Mir fällt der Chor der Vesperkirche hier in Stuttgart ein: Wohnungslose und vom Leben wirklich gebeutelte Menschen. Aber wenn die singen: „Unchain my heart“ oder „I am sailing“ – dann geht mir das Herz auf. Ich finde, dann kann man spüren, wie die Welt für einen Moment heil ist. Oder wenn jetzt in diesen Tagen in vielen Kirchen „jauchzet, frohlocket“, das Weihnachtsoratorium musiziert wird. Dann ist mir für eine Weile nach Mitsingen, nach Jauchzen und Frohlocken zumute.
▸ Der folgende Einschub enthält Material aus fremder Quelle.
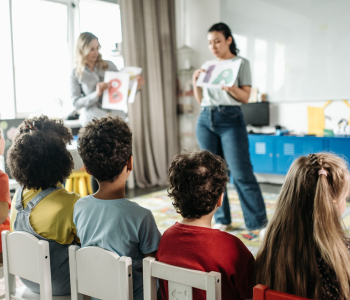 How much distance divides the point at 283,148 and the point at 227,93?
188 cm

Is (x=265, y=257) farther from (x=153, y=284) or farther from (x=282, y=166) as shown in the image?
(x=282, y=166)

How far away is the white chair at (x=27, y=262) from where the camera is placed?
1.02 m

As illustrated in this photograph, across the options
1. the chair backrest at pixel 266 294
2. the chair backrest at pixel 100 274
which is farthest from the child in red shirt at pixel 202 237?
the chair backrest at pixel 266 294

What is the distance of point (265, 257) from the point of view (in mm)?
914

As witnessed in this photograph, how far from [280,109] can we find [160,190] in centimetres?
167

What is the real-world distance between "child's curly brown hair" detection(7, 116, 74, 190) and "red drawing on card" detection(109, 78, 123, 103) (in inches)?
56.7

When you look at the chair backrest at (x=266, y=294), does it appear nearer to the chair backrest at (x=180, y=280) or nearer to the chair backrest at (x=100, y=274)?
the chair backrest at (x=180, y=280)

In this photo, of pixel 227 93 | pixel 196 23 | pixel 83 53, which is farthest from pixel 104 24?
pixel 227 93

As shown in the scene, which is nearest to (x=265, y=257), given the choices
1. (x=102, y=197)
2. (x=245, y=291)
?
(x=245, y=291)

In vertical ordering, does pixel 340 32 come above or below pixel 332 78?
above

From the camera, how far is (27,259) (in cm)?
107

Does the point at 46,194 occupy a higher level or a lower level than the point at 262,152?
higher

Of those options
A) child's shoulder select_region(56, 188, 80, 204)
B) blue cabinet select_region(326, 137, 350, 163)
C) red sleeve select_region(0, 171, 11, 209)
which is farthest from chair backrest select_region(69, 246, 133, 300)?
blue cabinet select_region(326, 137, 350, 163)

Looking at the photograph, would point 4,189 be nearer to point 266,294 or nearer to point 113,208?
point 113,208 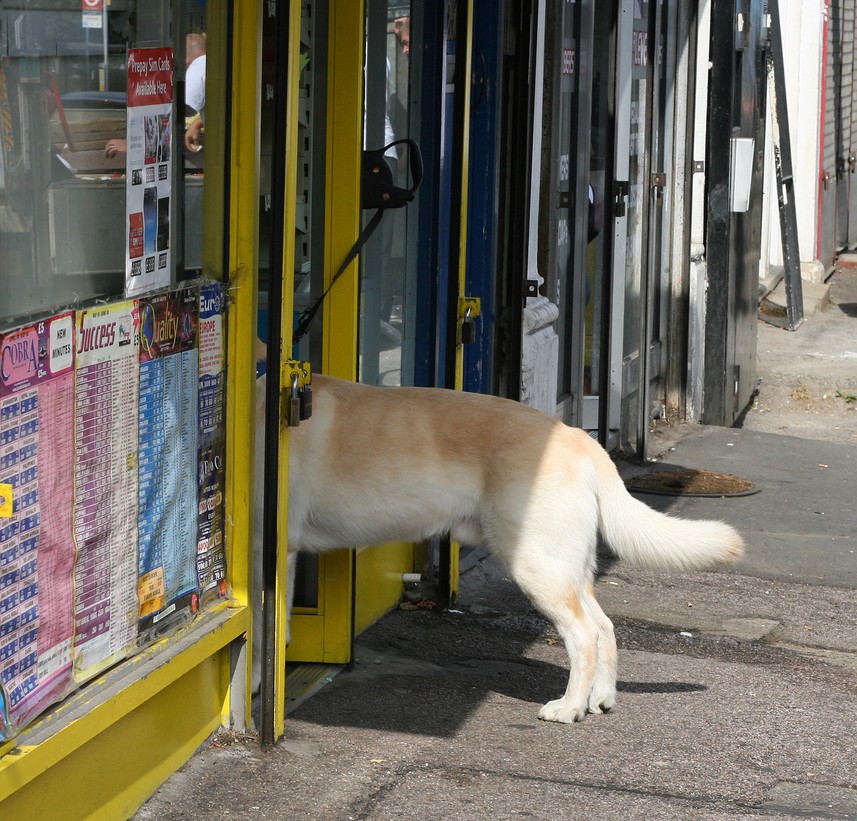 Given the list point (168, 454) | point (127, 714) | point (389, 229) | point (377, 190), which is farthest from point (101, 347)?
point (389, 229)

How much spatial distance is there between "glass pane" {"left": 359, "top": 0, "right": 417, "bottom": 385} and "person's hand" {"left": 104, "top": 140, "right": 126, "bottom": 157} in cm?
183

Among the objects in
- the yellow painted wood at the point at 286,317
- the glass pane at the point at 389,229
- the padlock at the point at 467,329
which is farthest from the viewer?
the padlock at the point at 467,329

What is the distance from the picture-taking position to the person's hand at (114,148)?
3156 mm

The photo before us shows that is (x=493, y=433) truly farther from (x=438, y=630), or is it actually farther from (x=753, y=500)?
(x=753, y=500)

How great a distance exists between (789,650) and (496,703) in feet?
4.36

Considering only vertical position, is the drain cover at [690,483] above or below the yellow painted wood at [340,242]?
below

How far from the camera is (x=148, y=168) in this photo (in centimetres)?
333

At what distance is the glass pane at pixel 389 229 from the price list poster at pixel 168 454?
152 centimetres

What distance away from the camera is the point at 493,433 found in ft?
14.1

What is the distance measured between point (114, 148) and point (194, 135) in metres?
0.38

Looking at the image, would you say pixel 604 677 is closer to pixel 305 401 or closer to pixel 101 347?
pixel 305 401

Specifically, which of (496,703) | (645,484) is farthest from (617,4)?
(496,703)

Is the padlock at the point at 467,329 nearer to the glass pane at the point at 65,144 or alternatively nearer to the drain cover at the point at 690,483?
the glass pane at the point at 65,144

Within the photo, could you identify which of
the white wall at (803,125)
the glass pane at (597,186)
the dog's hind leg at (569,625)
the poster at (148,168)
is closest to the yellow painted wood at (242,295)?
the poster at (148,168) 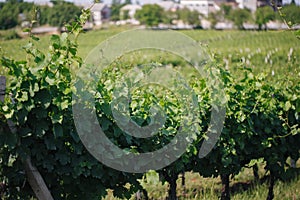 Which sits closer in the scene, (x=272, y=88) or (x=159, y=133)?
(x=159, y=133)

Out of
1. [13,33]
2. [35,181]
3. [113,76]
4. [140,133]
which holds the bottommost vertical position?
[35,181]

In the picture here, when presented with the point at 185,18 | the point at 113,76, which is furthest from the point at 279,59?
the point at 185,18

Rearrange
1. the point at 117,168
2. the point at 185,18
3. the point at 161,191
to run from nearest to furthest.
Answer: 1. the point at 117,168
2. the point at 161,191
3. the point at 185,18

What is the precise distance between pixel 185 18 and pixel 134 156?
48157mm

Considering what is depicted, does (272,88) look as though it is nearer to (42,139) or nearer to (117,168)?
(117,168)

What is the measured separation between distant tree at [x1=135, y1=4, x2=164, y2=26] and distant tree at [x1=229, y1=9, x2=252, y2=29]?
11.0 metres

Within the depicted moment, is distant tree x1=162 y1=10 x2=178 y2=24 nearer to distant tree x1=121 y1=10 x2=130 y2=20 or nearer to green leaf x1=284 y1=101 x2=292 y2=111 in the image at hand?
distant tree x1=121 y1=10 x2=130 y2=20

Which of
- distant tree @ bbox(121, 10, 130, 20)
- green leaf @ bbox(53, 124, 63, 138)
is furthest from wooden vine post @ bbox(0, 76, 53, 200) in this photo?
distant tree @ bbox(121, 10, 130, 20)

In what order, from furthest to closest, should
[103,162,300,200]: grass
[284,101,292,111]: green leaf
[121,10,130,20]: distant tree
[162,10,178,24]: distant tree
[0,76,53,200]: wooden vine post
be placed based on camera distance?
[121,10,130,20]: distant tree
[162,10,178,24]: distant tree
[103,162,300,200]: grass
[284,101,292,111]: green leaf
[0,76,53,200]: wooden vine post

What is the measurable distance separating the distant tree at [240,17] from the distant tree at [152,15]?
1105cm

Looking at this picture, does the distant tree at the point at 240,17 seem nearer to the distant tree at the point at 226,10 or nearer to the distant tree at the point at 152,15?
the distant tree at the point at 226,10

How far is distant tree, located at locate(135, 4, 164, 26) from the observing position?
53794mm

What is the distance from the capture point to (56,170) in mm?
3184

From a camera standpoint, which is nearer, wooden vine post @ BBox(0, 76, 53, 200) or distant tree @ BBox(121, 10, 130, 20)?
wooden vine post @ BBox(0, 76, 53, 200) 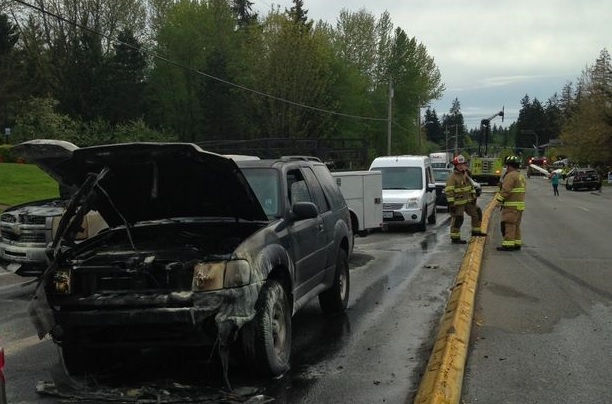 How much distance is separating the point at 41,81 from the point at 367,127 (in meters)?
27.9

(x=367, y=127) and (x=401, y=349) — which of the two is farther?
(x=367, y=127)

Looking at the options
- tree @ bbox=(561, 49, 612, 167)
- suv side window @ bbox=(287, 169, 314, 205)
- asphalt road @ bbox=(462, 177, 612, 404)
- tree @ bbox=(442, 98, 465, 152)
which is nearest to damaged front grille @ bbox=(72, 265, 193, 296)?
suv side window @ bbox=(287, 169, 314, 205)

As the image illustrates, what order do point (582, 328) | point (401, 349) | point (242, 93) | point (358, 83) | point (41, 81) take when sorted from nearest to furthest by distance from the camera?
point (401, 349)
point (582, 328)
point (41, 81)
point (242, 93)
point (358, 83)

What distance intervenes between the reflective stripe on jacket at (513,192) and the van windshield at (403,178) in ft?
18.2

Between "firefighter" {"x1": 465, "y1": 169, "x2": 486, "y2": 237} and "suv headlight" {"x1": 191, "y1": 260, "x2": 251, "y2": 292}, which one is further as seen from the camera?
"firefighter" {"x1": 465, "y1": 169, "x2": 486, "y2": 237}

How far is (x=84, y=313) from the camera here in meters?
4.79

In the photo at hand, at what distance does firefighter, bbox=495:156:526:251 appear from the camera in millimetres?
12586

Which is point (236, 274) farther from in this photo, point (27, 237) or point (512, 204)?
point (512, 204)

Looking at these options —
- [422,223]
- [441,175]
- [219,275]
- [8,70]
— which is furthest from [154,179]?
[8,70]

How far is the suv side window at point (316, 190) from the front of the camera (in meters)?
7.09

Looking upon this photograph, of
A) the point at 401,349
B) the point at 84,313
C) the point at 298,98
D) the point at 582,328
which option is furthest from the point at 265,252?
the point at 298,98

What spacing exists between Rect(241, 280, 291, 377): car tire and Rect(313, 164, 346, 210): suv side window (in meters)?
2.34

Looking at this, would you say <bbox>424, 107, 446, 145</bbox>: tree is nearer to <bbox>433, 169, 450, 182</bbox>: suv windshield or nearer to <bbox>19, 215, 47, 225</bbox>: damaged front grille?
<bbox>433, 169, 450, 182</bbox>: suv windshield

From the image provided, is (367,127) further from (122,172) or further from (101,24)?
(122,172) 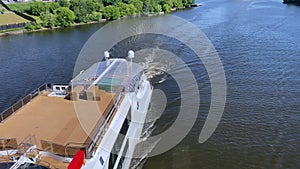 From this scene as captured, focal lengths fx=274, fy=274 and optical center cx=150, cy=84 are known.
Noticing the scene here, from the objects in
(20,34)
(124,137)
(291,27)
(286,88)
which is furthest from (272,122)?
(20,34)

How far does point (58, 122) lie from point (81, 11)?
50.5 metres

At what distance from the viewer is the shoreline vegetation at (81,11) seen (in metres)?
53.0

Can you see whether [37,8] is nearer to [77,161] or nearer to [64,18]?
[64,18]

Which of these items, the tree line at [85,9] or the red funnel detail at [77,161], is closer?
the red funnel detail at [77,161]

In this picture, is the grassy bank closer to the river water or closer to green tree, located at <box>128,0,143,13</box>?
the river water

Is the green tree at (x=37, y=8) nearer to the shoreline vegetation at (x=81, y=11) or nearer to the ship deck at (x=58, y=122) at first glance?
the shoreline vegetation at (x=81, y=11)

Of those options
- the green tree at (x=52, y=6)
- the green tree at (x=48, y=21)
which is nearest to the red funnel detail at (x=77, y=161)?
the green tree at (x=48, y=21)

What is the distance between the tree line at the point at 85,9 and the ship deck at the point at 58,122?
141 feet

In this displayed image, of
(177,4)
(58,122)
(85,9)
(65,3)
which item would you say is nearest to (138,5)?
(85,9)

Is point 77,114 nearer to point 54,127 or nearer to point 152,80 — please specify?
point 54,127

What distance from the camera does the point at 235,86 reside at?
75.8 ft

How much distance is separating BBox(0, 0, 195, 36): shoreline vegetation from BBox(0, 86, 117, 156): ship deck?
4239 cm

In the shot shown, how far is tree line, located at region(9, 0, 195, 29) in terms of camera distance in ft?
176

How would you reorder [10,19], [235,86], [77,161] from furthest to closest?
[10,19] < [235,86] < [77,161] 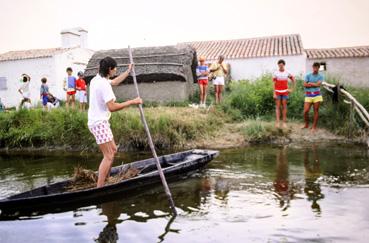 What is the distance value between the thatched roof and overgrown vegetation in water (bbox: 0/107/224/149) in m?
3.58

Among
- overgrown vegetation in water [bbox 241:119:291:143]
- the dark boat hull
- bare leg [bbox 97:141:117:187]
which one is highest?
bare leg [bbox 97:141:117:187]

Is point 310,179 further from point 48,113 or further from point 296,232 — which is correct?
point 48,113

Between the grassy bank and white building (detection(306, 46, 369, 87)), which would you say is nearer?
the grassy bank

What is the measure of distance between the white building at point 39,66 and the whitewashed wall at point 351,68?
1592 cm

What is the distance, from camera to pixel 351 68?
2411 centimetres

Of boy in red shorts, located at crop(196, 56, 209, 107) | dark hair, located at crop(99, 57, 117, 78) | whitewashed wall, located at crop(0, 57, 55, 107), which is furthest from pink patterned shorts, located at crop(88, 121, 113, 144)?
whitewashed wall, located at crop(0, 57, 55, 107)

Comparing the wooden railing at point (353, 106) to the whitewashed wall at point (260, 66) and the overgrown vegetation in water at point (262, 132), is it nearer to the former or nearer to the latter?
the overgrown vegetation in water at point (262, 132)

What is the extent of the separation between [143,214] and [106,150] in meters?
1.19

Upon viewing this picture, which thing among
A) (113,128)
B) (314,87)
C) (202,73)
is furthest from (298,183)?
(202,73)

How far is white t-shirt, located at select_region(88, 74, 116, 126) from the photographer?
5.65m

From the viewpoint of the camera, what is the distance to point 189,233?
187 inches

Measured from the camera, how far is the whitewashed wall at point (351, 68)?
23.8 m

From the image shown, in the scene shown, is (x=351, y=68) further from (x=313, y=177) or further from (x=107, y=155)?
(x=107, y=155)

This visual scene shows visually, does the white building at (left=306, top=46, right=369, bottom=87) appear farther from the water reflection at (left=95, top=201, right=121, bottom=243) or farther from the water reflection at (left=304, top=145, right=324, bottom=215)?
the water reflection at (left=95, top=201, right=121, bottom=243) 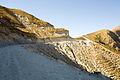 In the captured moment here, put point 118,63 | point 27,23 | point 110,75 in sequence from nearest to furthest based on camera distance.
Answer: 1. point 110,75
2. point 118,63
3. point 27,23

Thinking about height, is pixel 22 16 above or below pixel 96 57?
above

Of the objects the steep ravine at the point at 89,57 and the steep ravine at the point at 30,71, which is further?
the steep ravine at the point at 89,57

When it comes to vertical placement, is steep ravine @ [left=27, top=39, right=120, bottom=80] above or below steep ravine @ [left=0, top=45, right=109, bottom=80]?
below

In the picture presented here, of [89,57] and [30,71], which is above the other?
[30,71]

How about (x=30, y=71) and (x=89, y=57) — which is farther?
(x=89, y=57)

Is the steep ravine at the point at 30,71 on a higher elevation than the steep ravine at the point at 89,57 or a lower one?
higher

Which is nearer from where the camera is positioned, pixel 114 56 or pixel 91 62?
pixel 91 62

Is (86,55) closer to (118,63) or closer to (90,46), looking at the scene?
(90,46)

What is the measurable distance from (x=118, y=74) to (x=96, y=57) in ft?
33.6

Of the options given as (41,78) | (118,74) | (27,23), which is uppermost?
(27,23)

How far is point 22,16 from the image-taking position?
1783 inches

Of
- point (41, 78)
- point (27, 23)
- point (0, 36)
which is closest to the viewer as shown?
point (41, 78)

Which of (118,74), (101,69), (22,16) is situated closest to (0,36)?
(22,16)

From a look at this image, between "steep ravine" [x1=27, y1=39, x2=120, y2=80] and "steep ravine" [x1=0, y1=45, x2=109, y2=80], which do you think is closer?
"steep ravine" [x1=0, y1=45, x2=109, y2=80] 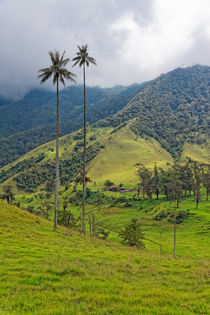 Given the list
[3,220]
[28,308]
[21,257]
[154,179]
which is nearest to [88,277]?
[28,308]

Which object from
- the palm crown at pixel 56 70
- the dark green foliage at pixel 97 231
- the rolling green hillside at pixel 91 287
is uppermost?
the palm crown at pixel 56 70

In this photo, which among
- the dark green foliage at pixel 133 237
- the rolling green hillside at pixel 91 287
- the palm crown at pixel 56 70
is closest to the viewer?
the rolling green hillside at pixel 91 287

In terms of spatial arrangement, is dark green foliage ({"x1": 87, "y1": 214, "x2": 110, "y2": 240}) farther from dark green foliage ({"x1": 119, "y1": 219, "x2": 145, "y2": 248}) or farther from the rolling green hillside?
the rolling green hillside

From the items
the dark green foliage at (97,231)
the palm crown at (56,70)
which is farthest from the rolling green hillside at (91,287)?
the dark green foliage at (97,231)

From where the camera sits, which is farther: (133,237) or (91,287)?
(133,237)

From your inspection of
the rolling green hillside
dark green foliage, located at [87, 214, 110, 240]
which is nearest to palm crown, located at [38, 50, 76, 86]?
the rolling green hillside

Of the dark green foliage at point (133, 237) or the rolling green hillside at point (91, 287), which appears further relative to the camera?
the dark green foliage at point (133, 237)

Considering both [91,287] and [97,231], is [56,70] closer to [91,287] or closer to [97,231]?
[91,287]

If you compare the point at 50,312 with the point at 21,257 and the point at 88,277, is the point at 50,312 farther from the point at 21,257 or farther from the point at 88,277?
the point at 21,257

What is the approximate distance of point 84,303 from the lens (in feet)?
30.5

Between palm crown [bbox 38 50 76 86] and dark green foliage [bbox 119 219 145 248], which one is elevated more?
palm crown [bbox 38 50 76 86]

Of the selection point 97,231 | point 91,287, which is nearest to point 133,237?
point 97,231

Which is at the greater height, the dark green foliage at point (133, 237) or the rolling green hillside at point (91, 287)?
the rolling green hillside at point (91, 287)

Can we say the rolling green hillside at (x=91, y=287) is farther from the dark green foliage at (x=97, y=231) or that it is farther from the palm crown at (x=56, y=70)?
the dark green foliage at (x=97, y=231) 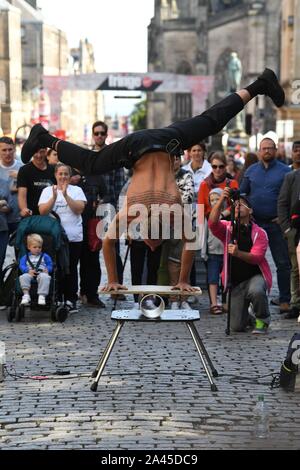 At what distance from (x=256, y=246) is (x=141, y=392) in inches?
151

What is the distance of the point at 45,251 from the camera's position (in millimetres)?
13547

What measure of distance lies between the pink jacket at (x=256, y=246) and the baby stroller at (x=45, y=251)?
5.91ft

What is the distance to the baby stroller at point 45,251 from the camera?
13.2 metres

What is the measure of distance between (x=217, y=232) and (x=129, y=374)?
3.71 meters

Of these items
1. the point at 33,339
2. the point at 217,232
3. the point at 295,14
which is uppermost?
the point at 295,14

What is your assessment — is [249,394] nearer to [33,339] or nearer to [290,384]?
[290,384]

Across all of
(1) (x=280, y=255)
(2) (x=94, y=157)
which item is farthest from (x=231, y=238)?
(2) (x=94, y=157)

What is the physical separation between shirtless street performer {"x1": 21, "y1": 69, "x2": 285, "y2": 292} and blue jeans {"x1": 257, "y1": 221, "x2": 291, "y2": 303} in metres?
5.00

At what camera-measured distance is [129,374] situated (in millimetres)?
9961

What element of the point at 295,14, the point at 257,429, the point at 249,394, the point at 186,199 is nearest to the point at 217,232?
the point at 186,199

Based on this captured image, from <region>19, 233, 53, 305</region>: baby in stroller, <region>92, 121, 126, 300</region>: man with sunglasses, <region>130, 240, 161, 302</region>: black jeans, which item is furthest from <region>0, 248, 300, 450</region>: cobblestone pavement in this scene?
<region>92, 121, 126, 300</region>: man with sunglasses

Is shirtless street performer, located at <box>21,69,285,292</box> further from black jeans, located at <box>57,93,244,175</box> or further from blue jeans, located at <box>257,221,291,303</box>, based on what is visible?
blue jeans, located at <box>257,221,291,303</box>

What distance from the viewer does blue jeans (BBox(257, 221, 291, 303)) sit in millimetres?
14258

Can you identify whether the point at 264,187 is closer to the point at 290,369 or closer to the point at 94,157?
the point at 290,369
Und wenn ich höre, dass im Flüchtlingslager in Meßstetten schon drei Kinder geboren wurden und wie viele sich darüber freuen und helfen wollen, dass sie in Frieden aufwachsen können. Da kann man sie sehen, finde ich. Zeichen für Gottes Nähe. Auch wenn drum herum viel dunkel ist.
Die Hirten damals haben das weiter erzählt, was sie gefunden hatten, so endet die Weihnachtsgeschichte. Vielleicht sollte ich das auch viel öfter machen. Erzählen, wo ich Gottes Nähe gefunden habe – mitten im Dunkeln.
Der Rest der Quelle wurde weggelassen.